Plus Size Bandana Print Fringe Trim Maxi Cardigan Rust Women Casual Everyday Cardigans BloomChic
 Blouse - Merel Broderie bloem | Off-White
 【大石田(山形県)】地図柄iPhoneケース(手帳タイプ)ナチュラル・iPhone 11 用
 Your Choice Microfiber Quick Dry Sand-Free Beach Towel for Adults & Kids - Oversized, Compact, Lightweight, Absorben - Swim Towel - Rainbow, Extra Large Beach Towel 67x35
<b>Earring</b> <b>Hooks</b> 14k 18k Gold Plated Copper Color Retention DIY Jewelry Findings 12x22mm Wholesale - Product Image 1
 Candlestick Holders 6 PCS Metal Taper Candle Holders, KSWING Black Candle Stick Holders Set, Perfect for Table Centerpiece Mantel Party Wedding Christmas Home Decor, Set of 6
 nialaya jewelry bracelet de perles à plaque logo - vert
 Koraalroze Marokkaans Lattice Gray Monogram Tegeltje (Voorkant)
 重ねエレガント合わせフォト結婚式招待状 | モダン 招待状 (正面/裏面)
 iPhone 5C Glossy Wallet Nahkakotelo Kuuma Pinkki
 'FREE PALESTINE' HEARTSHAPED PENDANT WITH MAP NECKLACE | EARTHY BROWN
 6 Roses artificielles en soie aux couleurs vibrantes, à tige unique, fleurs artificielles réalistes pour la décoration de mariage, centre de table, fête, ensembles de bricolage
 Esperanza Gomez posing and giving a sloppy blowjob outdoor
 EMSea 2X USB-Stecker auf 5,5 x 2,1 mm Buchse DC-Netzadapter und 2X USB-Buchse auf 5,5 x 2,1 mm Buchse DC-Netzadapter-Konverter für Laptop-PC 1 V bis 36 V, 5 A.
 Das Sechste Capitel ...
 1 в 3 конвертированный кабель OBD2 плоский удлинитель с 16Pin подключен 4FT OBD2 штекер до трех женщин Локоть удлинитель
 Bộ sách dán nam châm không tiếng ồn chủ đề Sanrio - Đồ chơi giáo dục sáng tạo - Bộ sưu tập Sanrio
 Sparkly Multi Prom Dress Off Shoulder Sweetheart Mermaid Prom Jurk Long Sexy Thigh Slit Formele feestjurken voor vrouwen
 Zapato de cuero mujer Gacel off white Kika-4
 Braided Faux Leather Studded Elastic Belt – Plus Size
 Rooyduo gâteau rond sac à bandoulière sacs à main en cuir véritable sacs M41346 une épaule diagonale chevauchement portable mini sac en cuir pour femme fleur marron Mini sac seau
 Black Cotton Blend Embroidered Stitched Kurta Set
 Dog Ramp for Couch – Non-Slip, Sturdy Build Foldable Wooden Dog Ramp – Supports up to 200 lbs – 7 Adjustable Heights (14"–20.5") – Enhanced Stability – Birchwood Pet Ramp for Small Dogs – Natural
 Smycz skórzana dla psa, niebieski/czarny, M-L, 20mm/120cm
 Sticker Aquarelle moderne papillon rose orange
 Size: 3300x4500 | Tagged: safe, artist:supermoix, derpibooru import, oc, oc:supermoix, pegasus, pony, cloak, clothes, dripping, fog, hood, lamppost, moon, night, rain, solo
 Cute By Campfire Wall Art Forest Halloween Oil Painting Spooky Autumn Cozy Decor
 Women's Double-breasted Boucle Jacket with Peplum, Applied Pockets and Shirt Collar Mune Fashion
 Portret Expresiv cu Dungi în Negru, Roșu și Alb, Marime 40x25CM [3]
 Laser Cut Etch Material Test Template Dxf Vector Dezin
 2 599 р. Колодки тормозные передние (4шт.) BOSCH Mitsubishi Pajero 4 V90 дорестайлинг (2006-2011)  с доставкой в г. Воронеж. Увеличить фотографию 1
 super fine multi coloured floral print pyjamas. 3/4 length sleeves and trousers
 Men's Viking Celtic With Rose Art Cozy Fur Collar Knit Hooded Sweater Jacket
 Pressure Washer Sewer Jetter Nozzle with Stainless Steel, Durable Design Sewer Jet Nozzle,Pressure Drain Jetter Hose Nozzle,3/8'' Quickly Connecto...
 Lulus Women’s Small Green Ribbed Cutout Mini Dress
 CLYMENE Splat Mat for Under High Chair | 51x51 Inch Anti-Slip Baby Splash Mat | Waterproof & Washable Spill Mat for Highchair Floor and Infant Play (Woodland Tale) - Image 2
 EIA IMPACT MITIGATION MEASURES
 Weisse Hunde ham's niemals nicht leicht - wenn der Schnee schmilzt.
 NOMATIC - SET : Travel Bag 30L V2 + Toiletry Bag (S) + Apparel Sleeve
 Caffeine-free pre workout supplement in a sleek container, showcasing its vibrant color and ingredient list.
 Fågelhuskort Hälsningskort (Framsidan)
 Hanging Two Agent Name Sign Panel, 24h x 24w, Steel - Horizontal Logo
——
■ Task requirements ■
Only the lines containing "Cozy" are needed; pull them out of the listing.

■ Response below ■
 Cute By Campfire Wall Art Forest Halloween Oil Painting Spooky Autumn Cozy Decor
 Men's Viking Celtic With Rose Art Cozy Fur Collar Knit Hooded Sweater Jacket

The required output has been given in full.